A recent decision of the England and Wales High Court (Admiralty Division) provides a cautionary reminder that awards made at the conclusion of international arbitrations are just as powerful as judgments obtained following court proceedings.
While Australia has not become a hub of international arbitration in the same way as England, Singapore or Hong Kong, as a signatory to the United Nations Convention on the Recognition and Enforcement of Foreign Arbitral Awards of 1958 (Convention), Australia has adopted the UNCITRAL Model Law on International Commercial Arbitration (Model Law), which was enacted in Schedule 2 of the International Arbitration Act 1974 (Cth). Individuals and entities based in Australia, or with assets in Australia, need to be aware of the risks and opportunities that come with agreement to participate in international arbitrations.
In many cases arbitration of a cross-border dispute will be the preferable form of dispute resolution when compared to litigation in a court, whether in Australia or overseas. In terms of efficiency of process, confidentiality and ease of enforcement in signatory countries, international arbitration has much to offer.

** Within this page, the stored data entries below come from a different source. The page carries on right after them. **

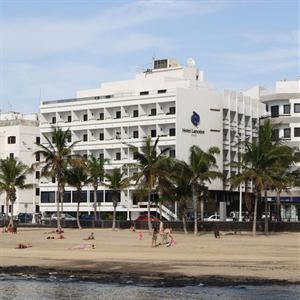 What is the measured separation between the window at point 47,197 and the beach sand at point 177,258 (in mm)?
56975

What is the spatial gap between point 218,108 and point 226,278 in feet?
254

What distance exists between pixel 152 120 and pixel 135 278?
73819 mm

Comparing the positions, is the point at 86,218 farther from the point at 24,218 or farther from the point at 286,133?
the point at 286,133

The decision the subject of this bulletin was handed down by Mr Justice Phillips in July 2015.
The background was that the claimant had obtained a number of awards following arbitrations conducted by the Grain and Feed Traders Association (GAFTA), based in London. The respondent was a Nicaraguan company (CORCOSA). Following the making of the awards, it refused to engage or communicate with the claimant.

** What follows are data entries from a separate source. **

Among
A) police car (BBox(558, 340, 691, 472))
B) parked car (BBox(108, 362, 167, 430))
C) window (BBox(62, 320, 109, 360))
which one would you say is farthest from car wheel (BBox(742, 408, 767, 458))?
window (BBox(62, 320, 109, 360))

The claimant registered the award as a judgment in the England and Wales High Court. CORCOSA failed to satisfy the judgment. The claimant then commenced court proceedings in the same court against CORCOSA seeking to enforce the judgment.

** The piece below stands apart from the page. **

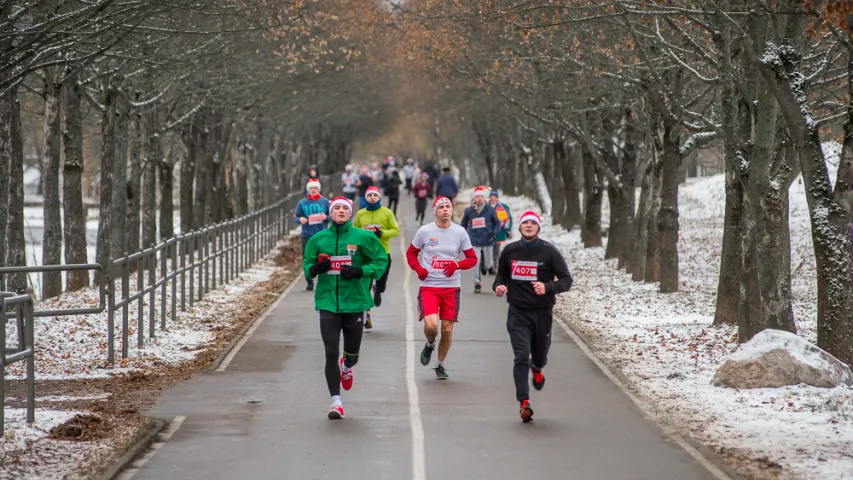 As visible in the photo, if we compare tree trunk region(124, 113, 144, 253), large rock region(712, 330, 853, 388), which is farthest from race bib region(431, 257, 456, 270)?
tree trunk region(124, 113, 144, 253)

As part of the proceedings, freezing orders were made against CORCOSA which prevented it from disposing of its assets that could be used to pay the judgment. CORCOSA was also required to provide a sworn list of its assets worldwide within 14 days of service of the freezing orders. The operation of the freezing order, and the time to provide the sworn list of assets, were extended for further periods of time as CORCOSA continued to ignore the orders made against it. All of the court’s orders permitted service on CORCOSA and its directors by email.
The orders were served on CORCOSA and its directors by email. The claimant adduced evidence that the respondents received, read and deleted the documents received. Copies of the orders were also personally served on the directors. The court found that CORCOSA’s failure to comply with the orders was “wilful and contumacious”. The claimant also brought contempt proceedings against the directors for the non-compliance. For the failure to comply with the court’s orders, the court went on to sentence the two directors to 18 months imprisonment each.
In relation to CORCOSA, the court refused to make any orders regarding CORCOSA’s property, as there would be little utility in doing so because the court was not satisfied that there were any assets in the jurisdiction. Despite this, an indemnity costs order was made in favour of the claimant.
Lessons from the case
This case provides a useful demonstration of the issues that can arise on enforcement of an arbitral award.
While some may view arbitral awards as being less powerful than a court order, care must be taken to comply with them, because the award may be registered as a judgment in Australia and enforced against the judgment debtor in the same way as any other judgment of the court. The award is able to be enforced in any jurisdiction where the debtor holds assets and which is a signatory to the Convention.
Further, and leaving aside extradition issues, failure to comply with orders of the court can give rise to serious ramifications, such as allegations of contempt, which can result in monetary penalties or imprisonment for those involved in the contempt. This could easily include directors and officers of a judgment debtor company.